Мартин Эроусмит был чужд картинного героизма, не был отмечен ни талантом к любовным интригам, ни экстравагантной остротой ума, ни возвышенной стойкостью в невзгодах. Он не отличался ни романтической утонченностью, ни высоконравственным складом души. Опрометчивость и извращенное понятие о честности то и дело толкали его на ошибки; часто он бывал нелюбезен и даже невежлив. Но он обладал одним даром: любознательностью, в силу которой ни одно явление не казалось ему заурядным. Будь он добропорядочным героем, как майор Риплтон Холаберд, он выплеснул бы содержимое колбы в раковину, с изящной скромностью признался бы: «Ерунда!

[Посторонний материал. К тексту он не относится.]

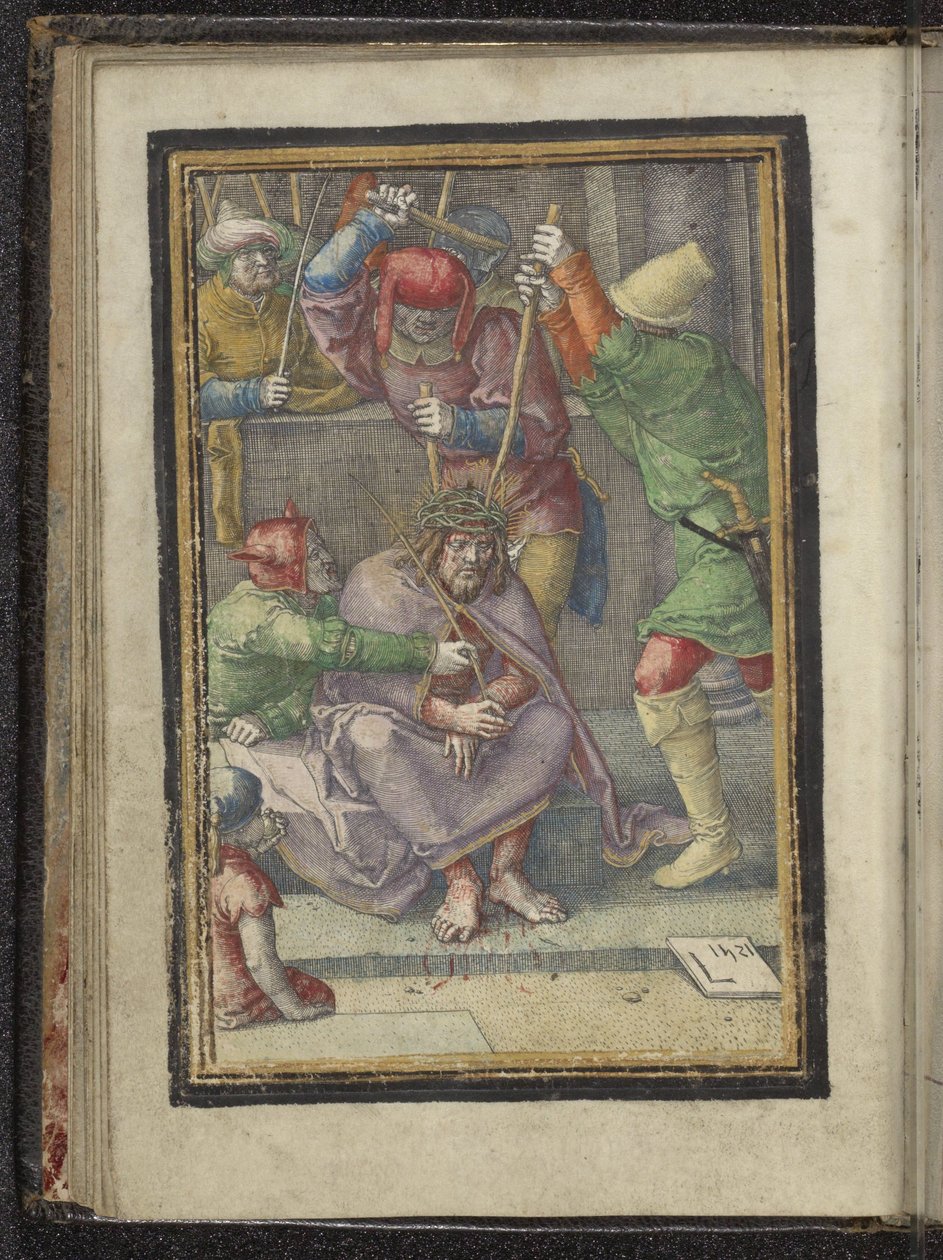 coronacion de espinas Pasión de Cristo (título de la serie) de Lucas van Leyden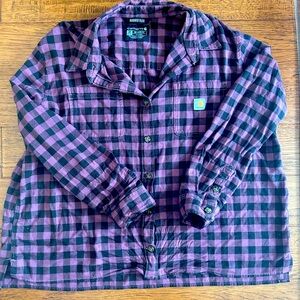 ONLY WORN A FEW TIMES: 2X CARHARTT PURPLE PLAID BUTTON DOWN
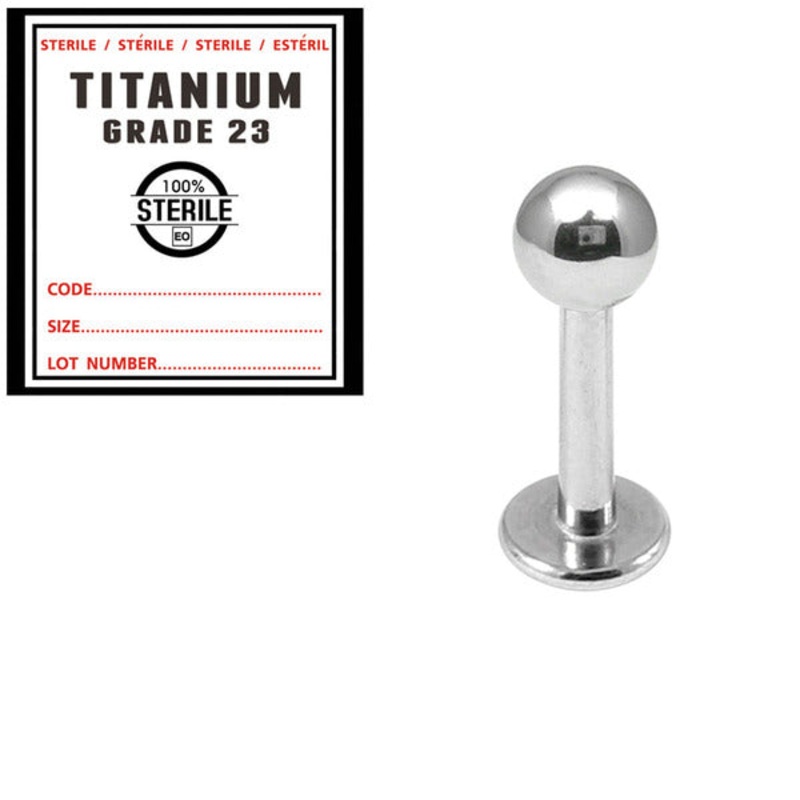 Sterile Titanium Labrets|1.2mm, 6mm, 2.5mm|1.2mm, 6mm, 3mm|1.2mm, 7mm, 2.5mm|1.2mm, 7mm, 3mm|1.2mm, 8mm, 2.5mm|1.2mm, 8mm, 3mm|1.2mm, 9mm, 2.5mm|1.2mm, 9mm, 3mm|1.2mm, 10mm, 2.5mm|1.2mm, 10mm, 3mm|1.2mm, 12mm, 2.5mm|1.2mm, 12mm, 3mm|1.6mm, 8mm, 4mm|1.6mm,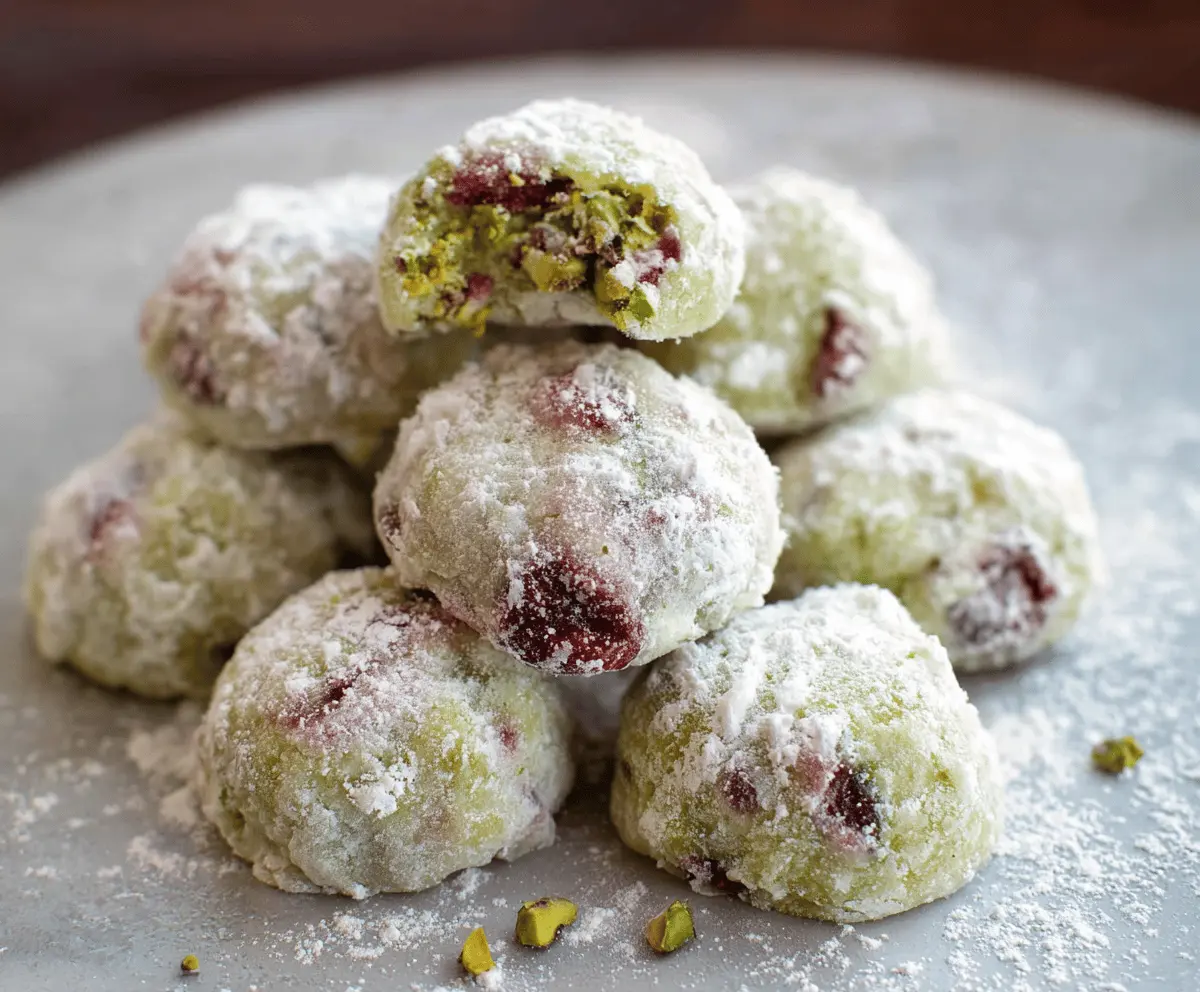 Pistachio Cherry Meltaways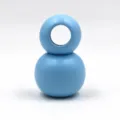 Light blue wooden loose beads 25mm candy color round spacer beads DIY jewelry parts - Blue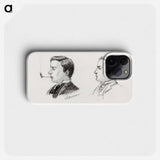 Portrait of Adriaan with a pipe and a man in a suit - Julie de Graag Phone Case.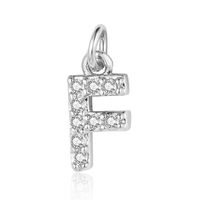 Simple Style Letter Zircon Copper Wholesale Charms Jewelry Accessories sku image 6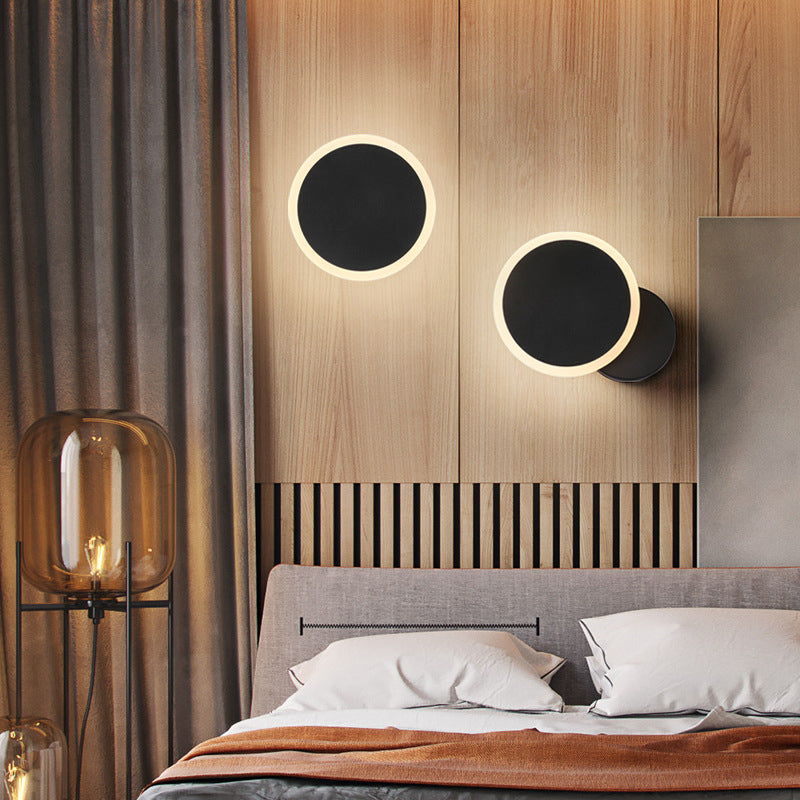 Simplicity Round Iron Acrylic LED Wall Sconce Lamp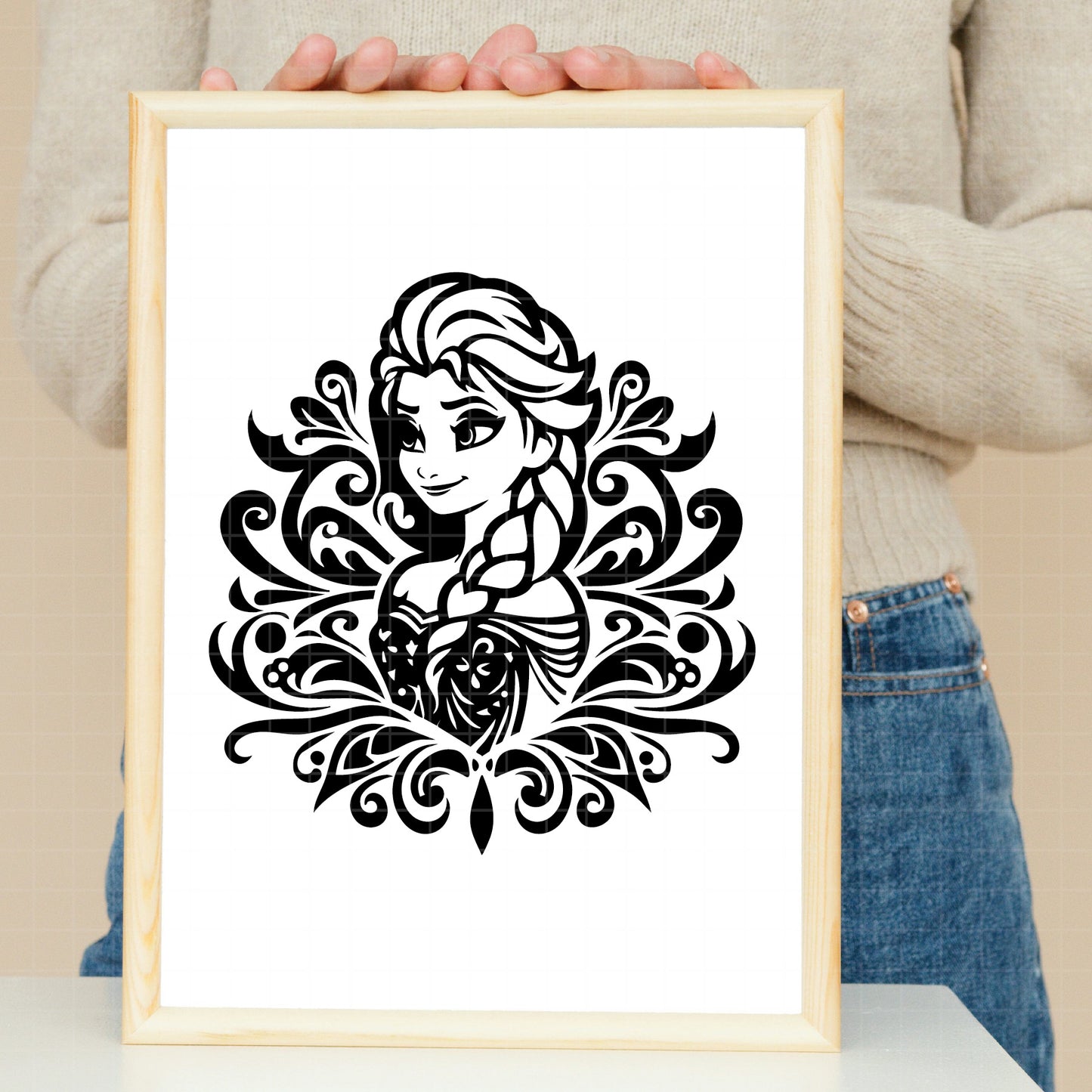 COD2828 - Frozen svg, Elsa svg, Anna svg, Winter elsa cut files for cricut silhouette, Princess svg, Disney svg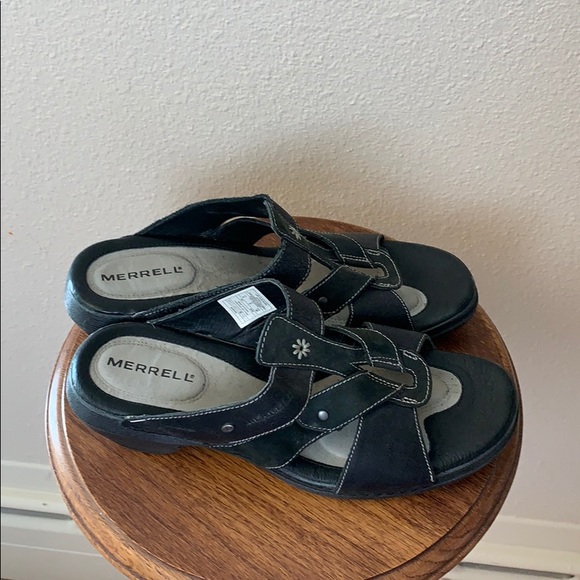 Merrell Size 8 Strappy Heeled Sandals - Picture 4 of 8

Я допустил какую-то ошибку!» — и делал бы дальше свое дело. Но Мартин, будучи не кем иным, как Мартином, прозаически шагал из угла в угол по своей лаборатории и бурчал:

— Тут есть причина, и я ее найду.

Все-таки явилось у него романтическое поползновение: позвонить Леоре и сообщить ей, что случилось чудо и чтоб она не беспокоилась. Он побрел по коридору, чиркая спичками, ища выключатель.

Ночью во всех коридорах водятся привидения. Даже в кичливо новом Доме Мак-Герка был некий бухгалтер, покончивший с собой. Пробираясь ощупью вперед, Мартин трепетно чувствовал за спиной шаги, видел, как выглядывают из-за дверей и нагло исчезают силуэты — бестелесные древние чудища, — и когда нашел выключатель, обрадовался благотворному внезапному свету, заново сотворившему мир.

У доски институтского коммутатора он долго торкался, куда считал нужным. Раз ему показалось, что он добился Леоры, но голос бесполый и нетерпимый отозвался: «Какой вам номер?» — с напряженной живостью, немыслимой у беспечно-небрежной Леоры. В другой раз голос завизжал: «Сара, ты?» — и потом добавил: «Вас мне не надо! Дайте отбой, прошу». А раз какая-то девица стала оправдываться: «Честное слово. Билли, я пробовала к вам дозвониться, но ровно в пять пришел хозяин и сказал…»

В остальных случаях слышалось только глухое урчание; хрип города с семимиллионным населением, жаждущим сна, любви или денег.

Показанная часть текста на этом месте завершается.